A expectativa causada pela persona artística de Lovefoxxx é inversamente proporcional à normalidade que ela exibe em uma conversa casual. Não há, como poderia sugerir a imaginação de quem a vê de longe, comentários loucos, gestos expansivos ou tiques surpreendentes. Mas, aos poucos, assim como ocorre sempre que está no palco, ela vai se soltando. Dá risada ao finalizar frases, repara em um rato que passa pela sarjeta e no forte cheiro de peixe da rua, que havia abrigado uma feira livre horas antes. Mesmo não se comportando como a frontwoman alucinada dos shows, a Luísa distante dos holofotes é provavelmente uma boa companhia para festas e porres - agora, ela garante, mais comedidos do que os de antigamente. "A única coisa que eu faço é beber. Mas eu adoro beber, e quero beber pro resto da minha vida, então bebo direito.
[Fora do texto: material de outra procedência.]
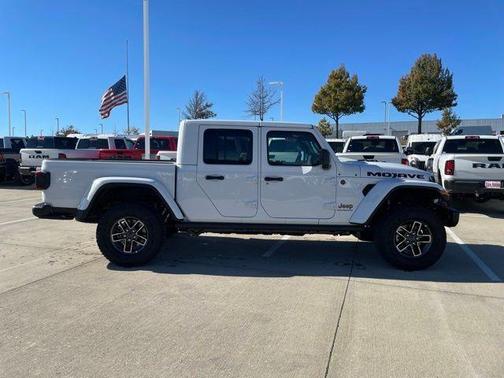Bright White Clearcoat 2026 Jeep Gladiator Mojave X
Não fico mais misturando tudo, como eu fazia antes."
Tão peculiares quanto a tatuagem de um cérebro que carrega na palma da mão direita são os planos de Luísa Lovefoxxx para o futuro não tão distante - ela quer se dedicar ao desenho (quando criança, pretendia trabalhar com histórias em quadrinhos). "Desenhar me traz uma satisfação muito grande. Vejo muito como um passatempo, acho que tenho que encarar como uma coisa séria." Embora pense para frente, Lovefoxxx costuma refletir sobre o passado: gosta de se lembrar da adolescência, de pensar sobre os caminhos que a levaram ao lugar onde está. Do ímpeto juvenil de morar sozinha e trabalhar longe da família à entrada inesperada no contexto pop global, ela se declara dividida entre o que foi e o que ainda virá.
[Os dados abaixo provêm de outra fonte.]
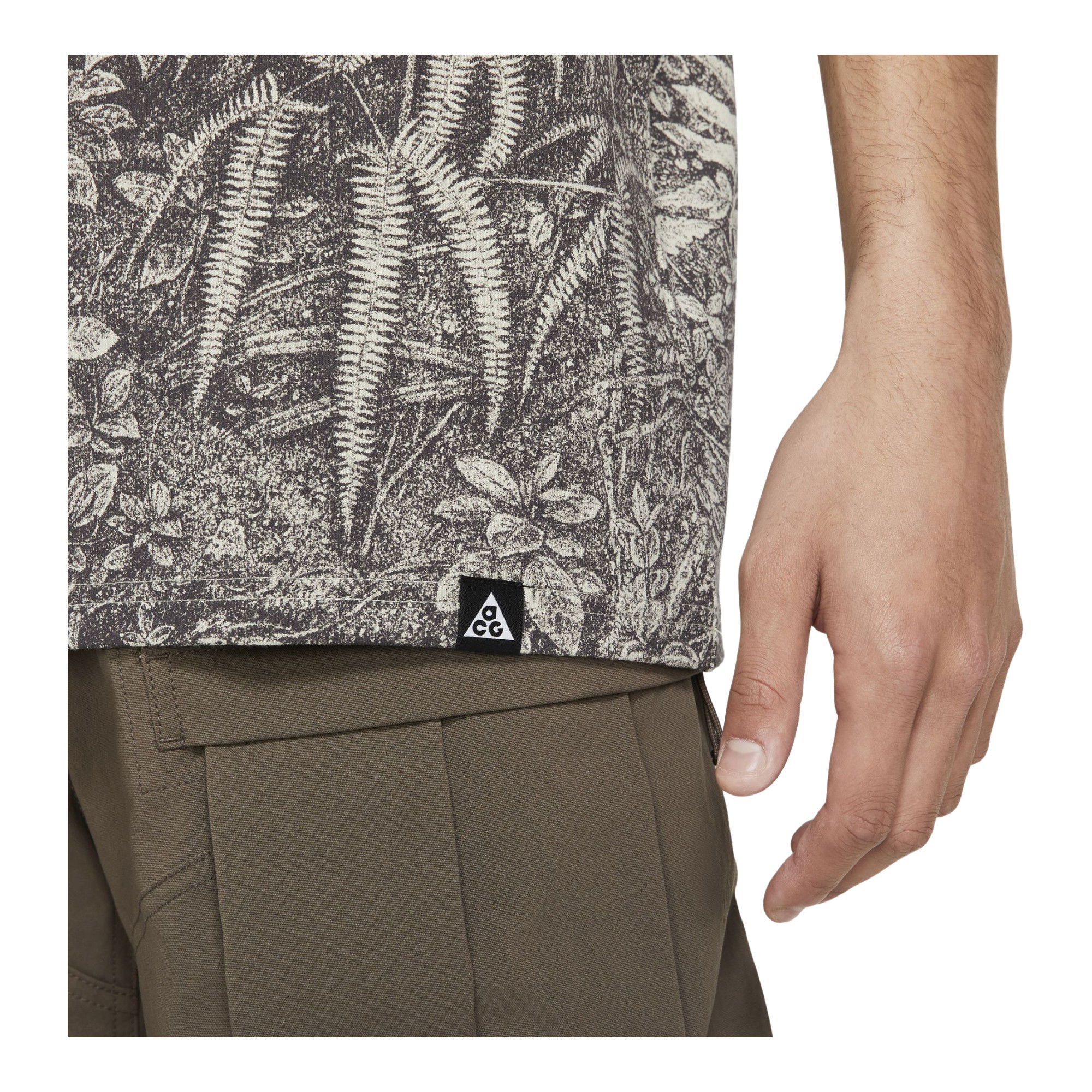 Nike Sportswear ACG Print Short-Sleeve Erkek Tişört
"Eu sou mais ansiosa com o futuro do que triste ou querendo viver no passado, mas gosto de lembrar. Gosto meio de comparar sempre, sabe? Quando tá melhor, quando tá pior... eu não gosto de ficar pensando", ela conta sorrindo, dando a entender que não está falando tão sério assim.
Em relação ao CSS, a intenção de Lovefoxxx continua sendo a mesma de oito anos atrás, quando se transformou em vocalista quase que por acidente: divertir-se. E, mesmo passado tanto tempo, ela ainda faz questão de se surpreender. "Um menino escreveu falando que, depois de um show nosso nos Estados Unidos, ele ficou tão feliz que saiu do armário. E ele tem 15 anos. Esse tipo de coisa me deixa meio chocada, porque é bafo, né?", Lovefoxxx exulta. "Nossas músicas são pop. Eu fico feliz quando podem motivar alguém tanto assim. A gente nunca imaginou que esse tipo de coisa fosse acontecer."